Schilling has been very good since coming off the disabled list -- 64 strikeouts in 56 innings. Johnson clearly hasn't been himself since he came off the DL, but was clocked at 97 mph in his last start.
The Diamondbacks will need dominant starting pitching to make it to the playoffs because their offense is weak as they're scoring 4.35 runs per game.
They just got swept in Colorado, their first three-game losing streak since May. But their belief in themselves, their enthusiasm and their pitching make them a solid contender, which seemed unfathomable in April.
The Marlins' season likely will come down to Sept. 12-25 -- they play the Braves and Phillies for 13 straight games. They've pounded Philadelphia this year (9-4), and they may have to keep that up if they're going to make the playoffs.
The recent struggles of the Phillies and Marlins have put the NL Central teams back in the wild-card race. The Cubs have potentially dominant starting pitching (even though Kerry Wood has lost in each of his last three starts, allowing 10 runs in 6 2/3 innings in his last two).
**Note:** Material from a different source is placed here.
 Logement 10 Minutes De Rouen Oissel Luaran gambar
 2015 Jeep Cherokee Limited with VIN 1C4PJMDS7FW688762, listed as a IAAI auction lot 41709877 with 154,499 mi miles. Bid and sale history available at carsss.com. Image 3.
They've also added enough useful pieces (Aramis Ramirez, Randall Simon, Doug Glanville, etc.) in the last month to improve their lineup and their depth. Plus, they play their final 16 games against teams with a losing record -- Cincinnati, Pittsburgh and the Mets.
The Cards' schedule is tougher than Chicago's. Their starting pitching is far less settled than any wild-card contender, especially with the health of Matt Morris. He hasn't started a game since July 21 when he left the game in the first inning; he hasn't made a real start since July 10. It's unlikely he'll be 100 percent down the stretch.
But the Cardinals, with their power and defense, have made it this far without good starting pitching.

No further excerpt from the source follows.